Unlike in Fish, Soap and Bonds, where three characters are given histories, Martyrs and Holymen features a gallery of mostly nameless people who, if met as individuals, likely would elicit our contempt. Shown as a tattered army of the Godless (a possible categorization) seeking to inflict and escape damage, their united predicament encourages us to view this work as an indication that a nation’s self-image and its exceptionalism are illusions that are no longer sustainable. Readers could consider the possibility that this book, indicative of Foundation’s oeuvre, also indicts a system where violence and debasement fill the lives of a subgroup that does not think beyond its own appetites, and does not share the optimism, flickering or more sustained, exhibited by people who cohere behind a cause or against an act of injustice and seek redress from political authorities.
Fondation’s characters often feel powerless, and we are given reasons why, such as a poor education—though there are those who read Kant and Hegel—and the debilitating effect of alcohol and drugs. But there is also present an existential set of concerns that, since they are present from the first page to the last, bear the traits of a war more than a crisis. “Cut Lip,” the first story of the book, is set in a bar where two strangers meet, the male narrator and a woman with a “wound… still bleeding a little” (and much can be made of that). They drink a great deal, and at the end leave together:
Outside there were no shadows. I think our shadows died. There was nothing else either. No other buildings, no cars, no other people. The landscape was full of nothing at all. We walked away, down the dark street, holding onto each other, towards the end of night.

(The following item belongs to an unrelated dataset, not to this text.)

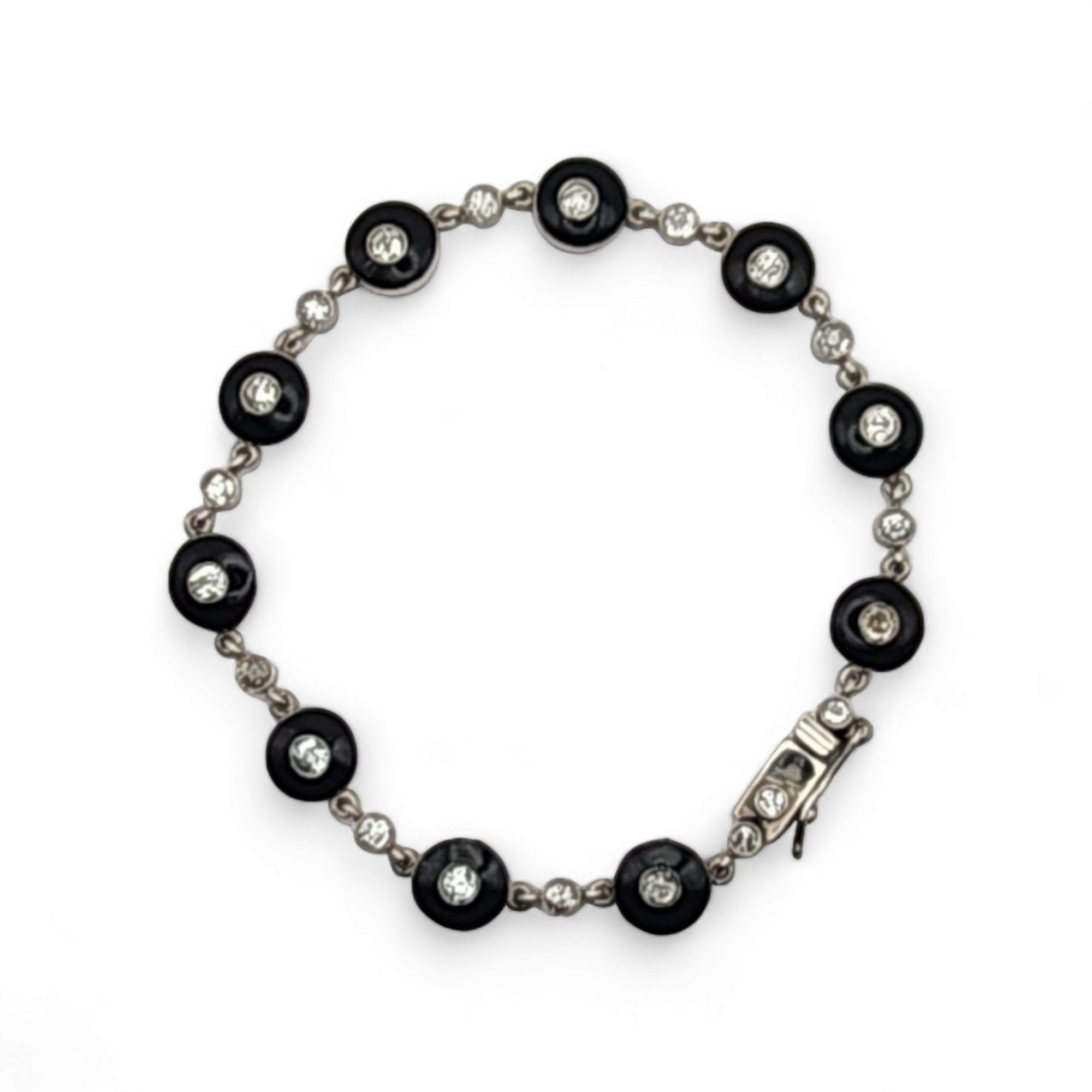 ART DECO PLATINUM, DIAMOND AND ENAMEL LINE BRACELET A line bracelet comprising ten round disks centering round diamonds surrounded by black enamel and connected by ten round diamonds set in bezels. Total diamond weight circa 2.1 cts, length 18.5 cm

“Epilogue” contains one story, “Epilogue (‘The Holy Ones’),” that reads, in its entirety:
Obstreperous asphalt,
argumentative light –
particle and wave;
Hand-in-hand—drunk, limping and triumphant,
We sway down the squalid street.
The passage from “Cut Lip” echoes the title of Louis-Ferdinand Céline’s first novel, Journey to the End of the Night (1932), and may also contain a reference to the shadow found in Jean-Paul Sartre’s Nausea (1938). But we don’t need to look to other works of literature to draw a message from the work. That last image establishes the tone for the rest of the book, and it is not overturned by the last story, where the words “drunk, limping and triumphant” paint the United States as heady after an exhibition of imperial power, pulling out of Iraq in international disgrace, and leaving abundant evidence of its failure for its part in Iraq’s decline from the status of a nation to an aggregation of tribes, sects, militant groups, and a rump country. (Afghanistan comes to mind also.) The undefined “we” staggering along at the close of Larry Fondation’s Martyrs and Holymen are no wiser than when they were surrounded by blackness, but they believe they have achieved some sort of victory. Sober readers come away with a vision of the United States as miserable, hopeless, and anarchic.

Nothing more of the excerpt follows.